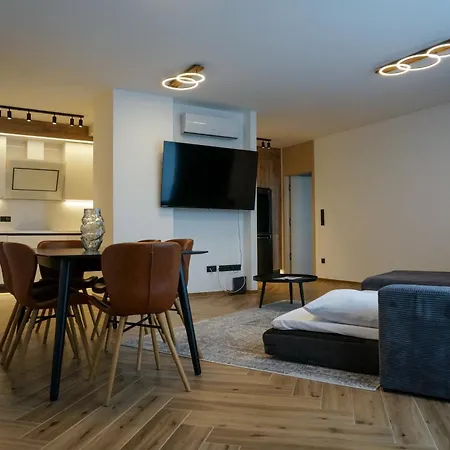Mt Suites Aparthotel-2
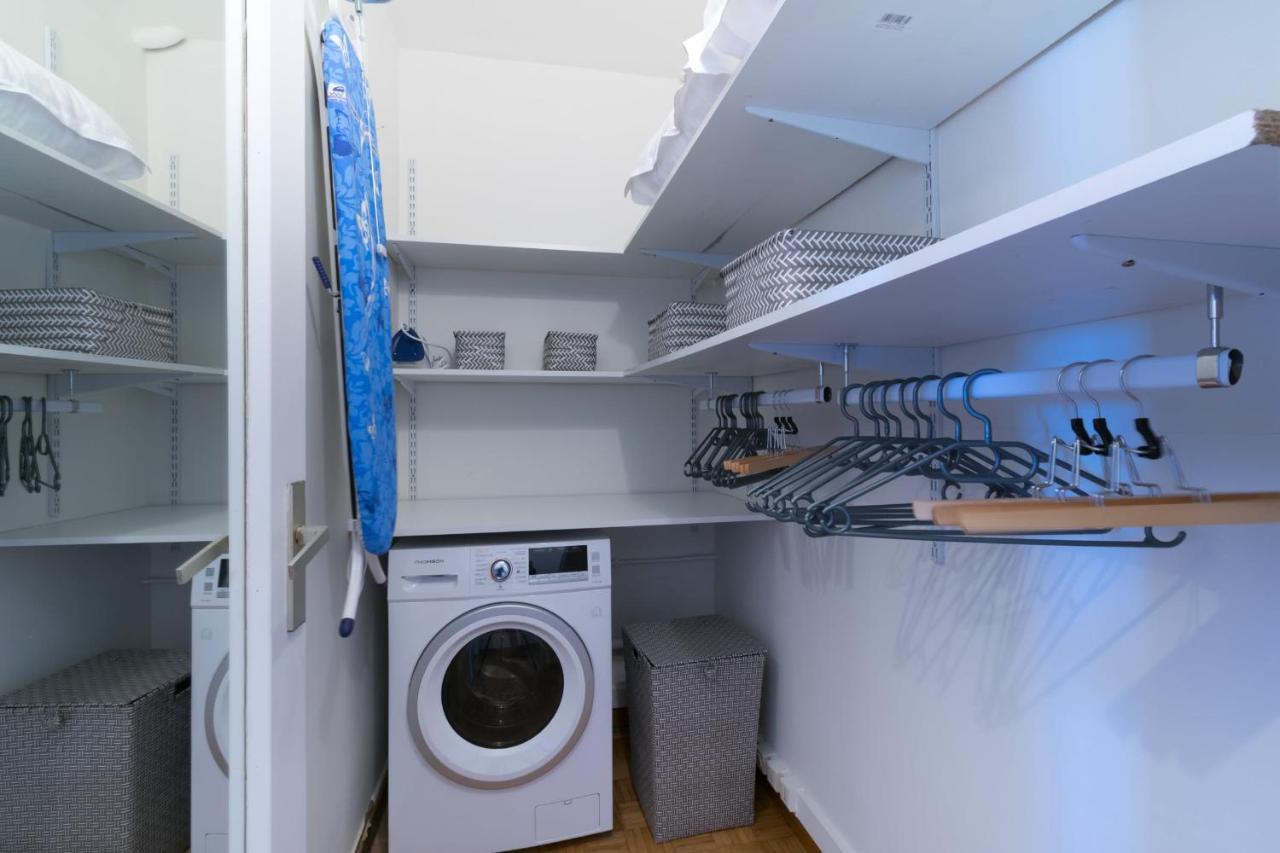 Vue Feerique Sur La Mer - Air Rental Marseille Ngoại thất bức ảnh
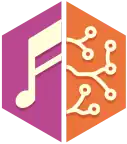 MusicBrainz Logo 2016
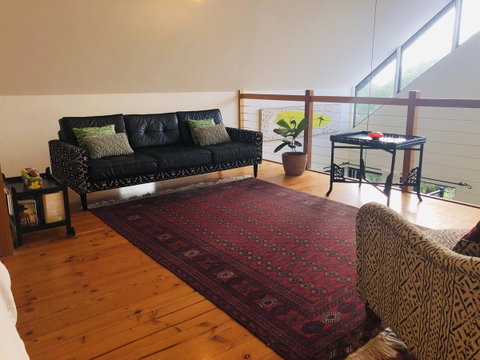 Zephyr Studio - Northern Rivers Accommodation 18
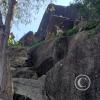 La Piedra Dorada, a giant boulder in the middle of an orange orchard, southeast of town (6)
☆ ☆ ☆ ☆ ☆ ☆ ☆
What to produce: From the first line to the last, reproduce the records above exactly and skip the pictures.

Output of the task:
Mt Suites Aparthotel-2
 Vue Feerique Sur La Mer - Air Rental Marseille Ngoại thất bức ảnh
 MusicBrainz Logo 2016
 Zephyr Studio - Northern Rivers Accommodation 18
 La Piedra Dorada, a giant boulder in the middle of an orange orchard, southeast of town (6)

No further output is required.